Spectral Diffusion

Feb 3, 2023

Building upon some techniques from a previous post, here we continue guiding Stable Diffusion with audio spectra.

Process

Starting with a blurred noise field as before, we then render the audio spectrum using pie slices. Of course this is not a typical way to render a spectrum, but it is also nothing particularly exotic. The code for a half pie (or one π) looks something like this:

draw = ImageDraw.Draw(im)
draw.pieslice(
    pos + size,
    i * angle_step - 90,
    (i + 1) * angle_step - 90,
    fill=color,
)

The results for the first few frames follow.

Using this to guide Stable Diffusion with some prompts about gas masks and helmets, we get a pleasant array of futuristic imagery, with a fanciful twist on the spectra above.

Desaturating the images also makes for some nice effects.

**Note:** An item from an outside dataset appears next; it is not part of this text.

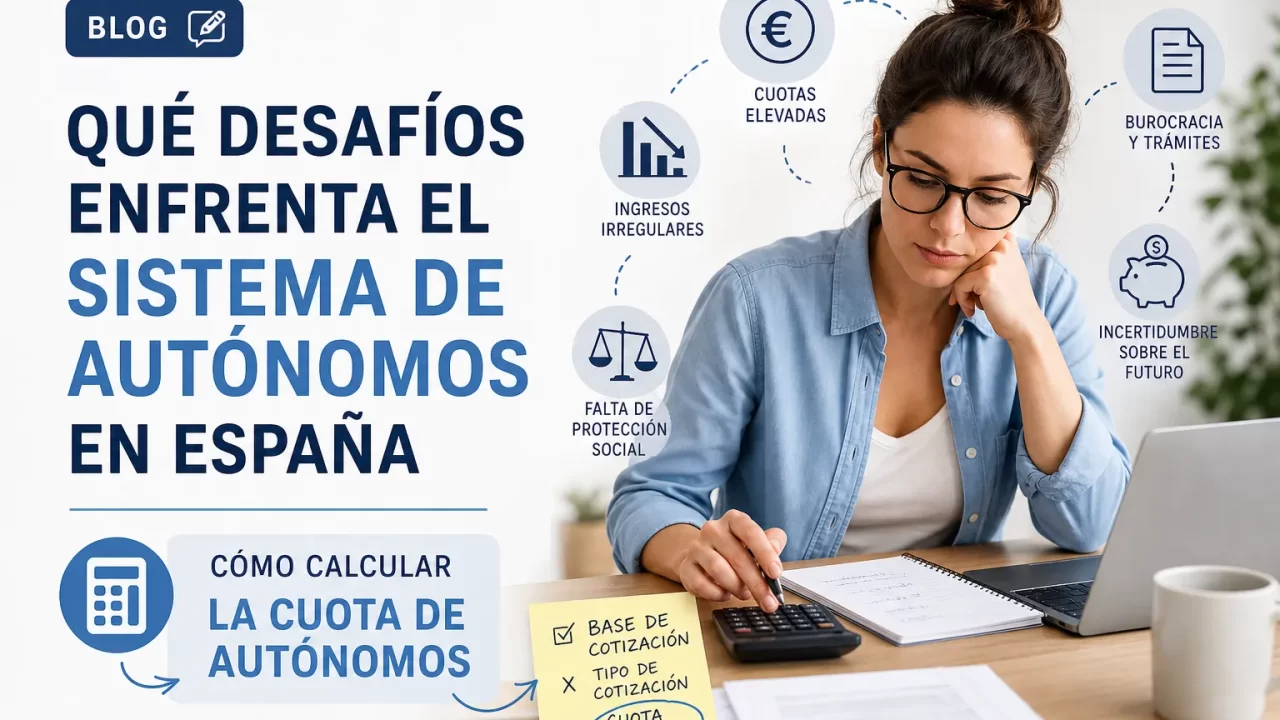 Qué desafíos enfrenta el sistema de autónomos en España y cómo calcular la cuota de autónomos paso a paso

im = im.filter(ImageFilter.GaussianBlur(radius=2))
im = im.convert('L')  # desaturate
# im = ImageOps.invert(im)  # not using this, but fun to play with
im = ImageOps.autocontrast(im)
# im = ImageOps.equalize(im)  # cool, but probably too much

Drawing images in Python is not the best experience, so we also output a CSV of the frequency bins.

import math
from scipy.fft import rfft, rfftfreq

# similar to the way we created images, skipping some setup, we chop the audio and extract frequency content

for c in range(n_chunks):
sample_start = int(c * n_chunk_samples)
    sample_end = int(sample_start + n_chunk_samples)
    signal = signal_original[sample_start:sample_end]

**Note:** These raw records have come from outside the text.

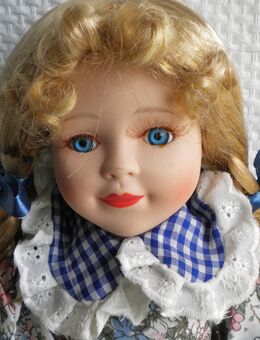 Puppe-Porzellan/Stoff,Alt,ca. 41 cm - Linnich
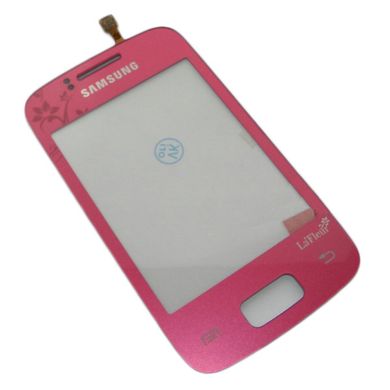 Сенсор (тачскрин) Samsung S6102 Galaxy Y Duos La Fleur розовый HC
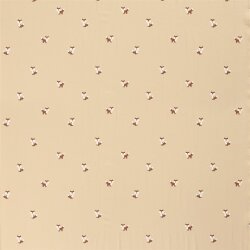 Baumwolljersey Füchse - cremebeige
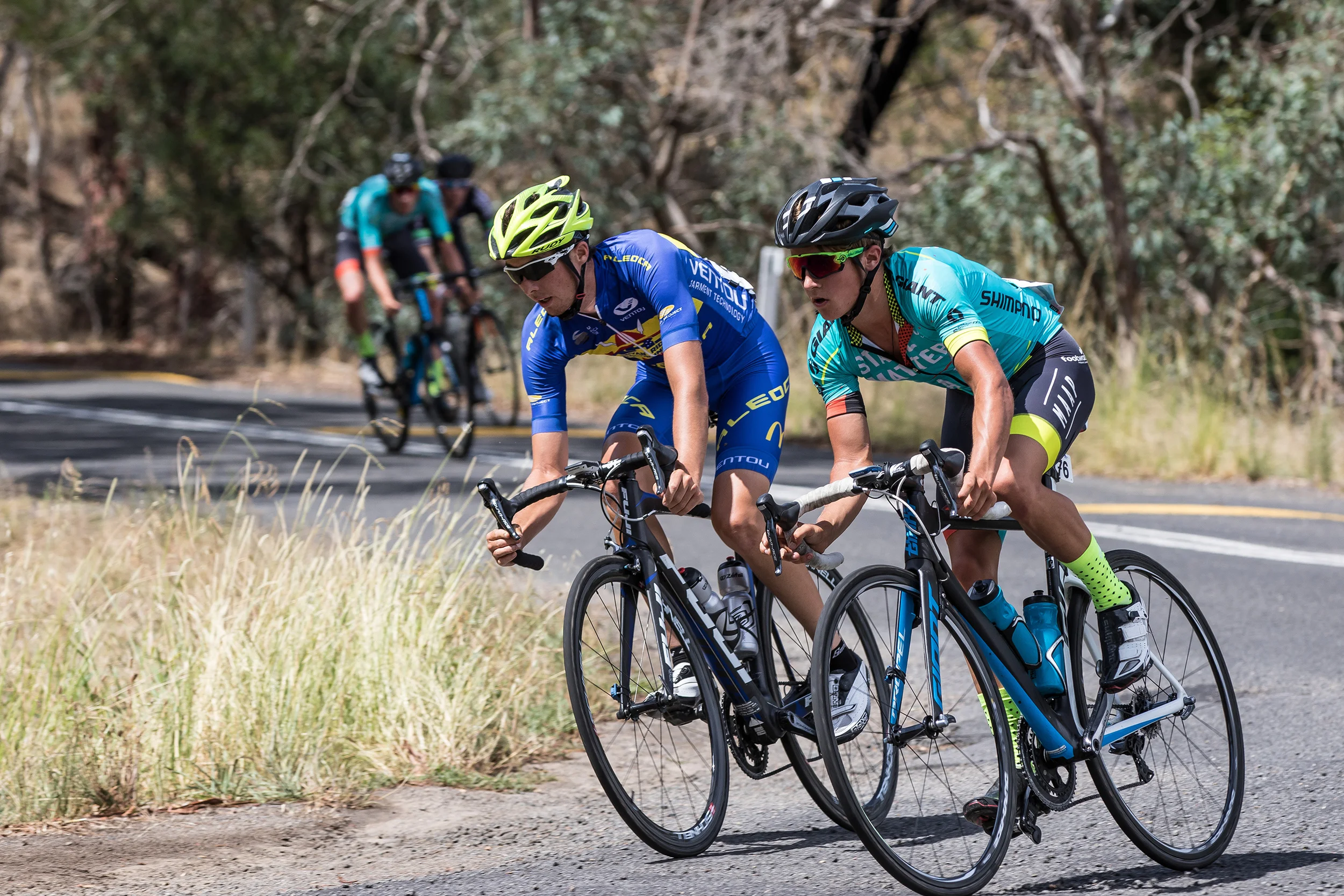 Nick Miller trying to take the lead at Oceania 2016. Image courtesy of PDitty Images.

    n_samples = sample_end - sample_start
    seconds = n_samples / float(sample_rate)

    n_channels = len(signal.shape)
    if n_channels == 2:
        signal = signal.sum(axis=1) / 2

    signal = np.divide(signal, 2**16)  # assuming 16 bit WAV here

    n_window_samples = math.floor(window_size * sample_rate)
    amps = rfft(signal, n_window_samples)
    amps = np.absolute(amps)
    freqs = rfftfreq(n_window_samples, 1 / sample_rate)

    indices = np.logspace(1, math.log(n_window_samples / 2, 10), num=256).astype(int)
    text_amps = np.take(amps, indices)
    texts.append(text_amps)

# but later write this to a file
import csv

with open("funky_out.csv", "w", newline="") as file:
    writer = csv.writer(file)
    writer.writerows(texts)

We can then import the CSV into a P5.js sketch to more quickly iterate on a variety of renderings.

Polar coordinates are always fun, so let’s try rendering with those.

function draw() {
    let frame = (frameCount - 1) % totalFrames;
    let step = size / totalBins;
    row = table.getRow(frame);

    translate(width / 2, height / 2);
    background(255);

    let n = 0;
    for (let i = 0; i < totalBins; i++) {
        let m = row.get(i);

        let c = color(i * 4, m * 2, 100);
        fill(c);

        for (let t = 0; t < m * 4; t++) {
            let theta = t - 90;
            let rho = i * 2 + sin(t * 8) * 4;

            // polar to cartesian
            let x = rho * cos(theta);
            let y = rho * sin(theta);

            circle(x, y, step);

            theta = 180 - theta;
            x = rho * cos(theta);
            y = rho * sin(theta);

            circle(x, y, step);
        }
    }
}

Finally, rendering the audio as circles yields the video at the top of this page.